Once again, I'm hampered by reading the second book when the first book is "the real one." Yeager's first book was entitled The Ultimate Cheapskate's Road Map to True Riches, and it apparently has all the meat and potatoes. This, his follow up book, is mostly just illustrating, expanding upon, and exploring some of the fall-out from his first book.
Which, you know. Kind of a bummer if you haven't read the first book.
The problem is that The Cheapskate Next Door doesn't really stand on its own as an advice sort of book. However, it does a great job of helping to encourage the frugal lifestyle. I love reading all about other frugal people and their wacky frugal ways. It makes me feel more normal about my own cheapskate-ery! And it inspires me to do better - because really, we can all do better.
The book is loosely modeled after The Millionaire Next Door, the bestselling book which introduced the concept of "strategic frugality" to a lot of people (myself included). After his first book, Yeager took a tour of the best cheapskates our country has to offer. He conducted interviews, and teased out each person's ethos and best advice. This makes for an anecdotal, chatty sort of book which is designed more for readability than as a functional reference book.
Despite this, there is a lot of great advice. Yeager uses his cheapskates as a framing device, as when he visits Pastor Mike Overpeck, who drives a beat-up 1972 pickup truck he bought for $500. (My car is a good 12 years younger - but I got it for free. So I felt like we're even on that score.)
Yeager introduces Overpeck, and then swings into his main point for the chapter. "The cheapskates next door understand something that many Americans don't: If there's a new car sitting in your driveway, you probably can't afford it."

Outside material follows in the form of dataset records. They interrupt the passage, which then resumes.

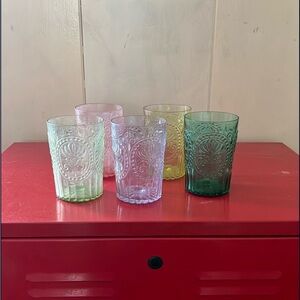 Colored Glass Tumbler Set of 5 - Assorted Pastel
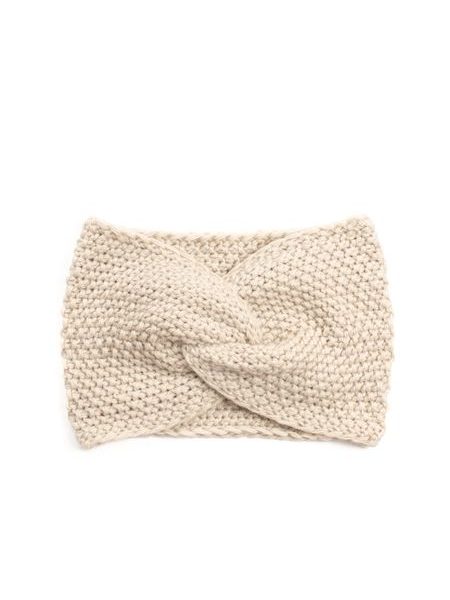 Podzimní pletená čelenka světle šedá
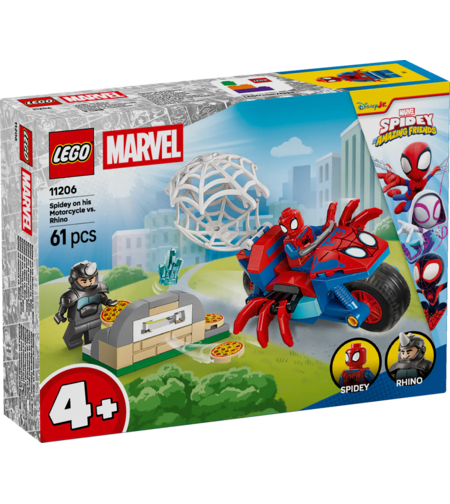 LEGO® Marvel Spidey And His Amazing Friends Спайди на мотоциклет срещу Носорога 11206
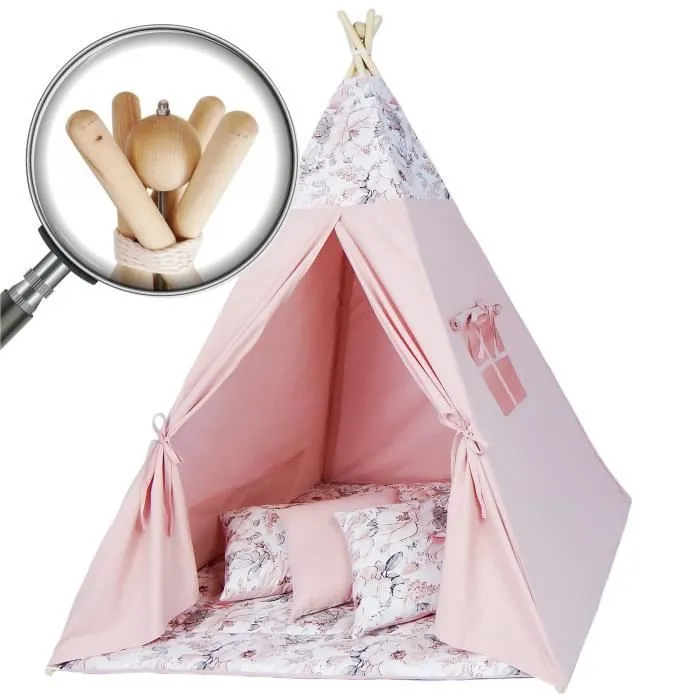 Tente Tipi Enfant avec Tapis - AMAZINGGIRL - Modèle 4 - Rose - Coton - 109x130x140cm-1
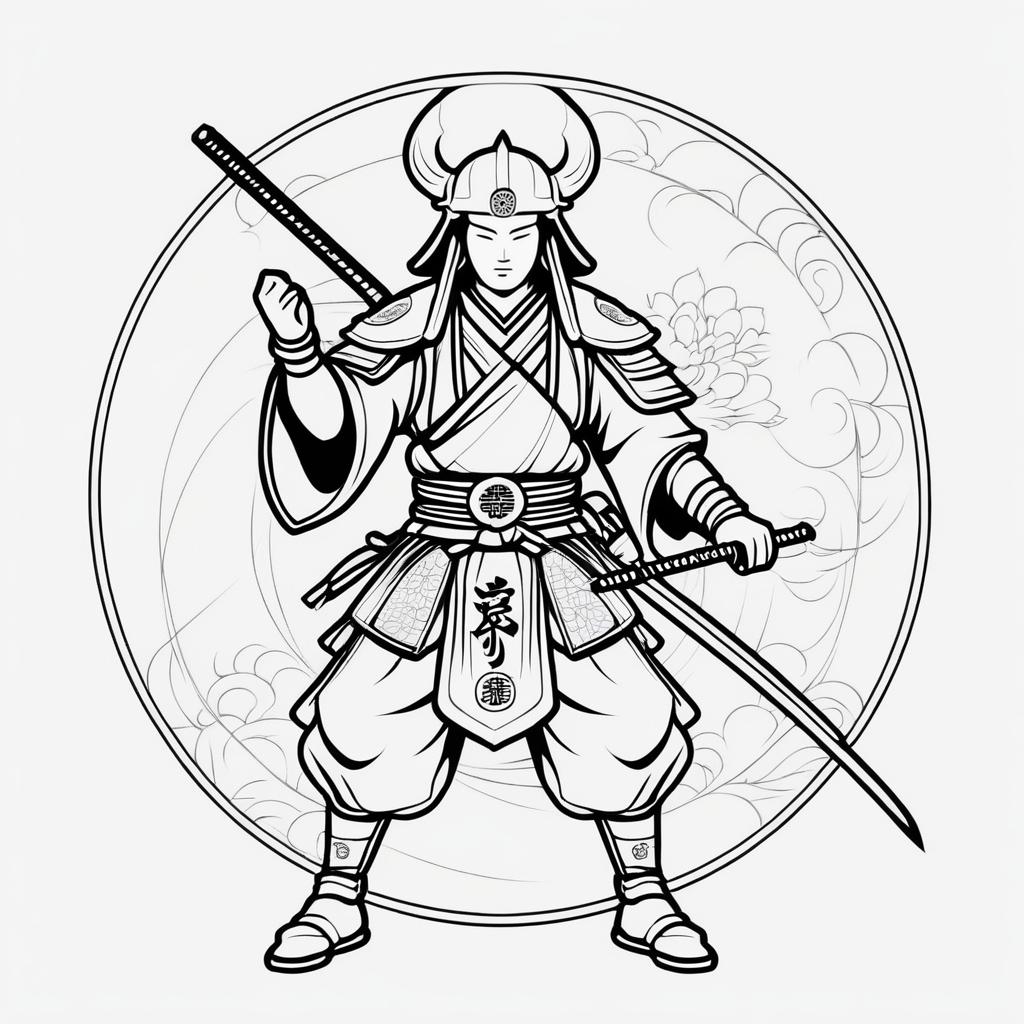 Minimalist Outline of Hachiman Deity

None of the advice given in The Cheapskate Next Door is exactly Earth-shaking. But then again, nothing about living the frugal life is particularly innovative. I enjoyed reading this book as far as it went, but I'll definitely keep an eye out for a copy of Yeager's first book (at the library, where I get 95% of my books, natch).

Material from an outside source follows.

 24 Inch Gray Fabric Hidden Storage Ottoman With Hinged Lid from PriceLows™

A funny side effect of reading this book is that it made me want to read The Millionaire Next Door all over again. I first read Millionaire when it was published in 1996, when America was just on the verge of sweeping into the Dot-Com boom. The message of the book was that "frugality will get you rich in the end," one of the first books to really champion frugality in a culture that was all about consumption. I feel a bit sorry for Millionaire, even though it was successful enough. It was a lone voice crying out in the wilderness until the most recent economic downturn got everyone thinking frugal.
The great benefit to books like these is that they normalize frugality. Which is arguably more useful than rehashing the same old basic advice!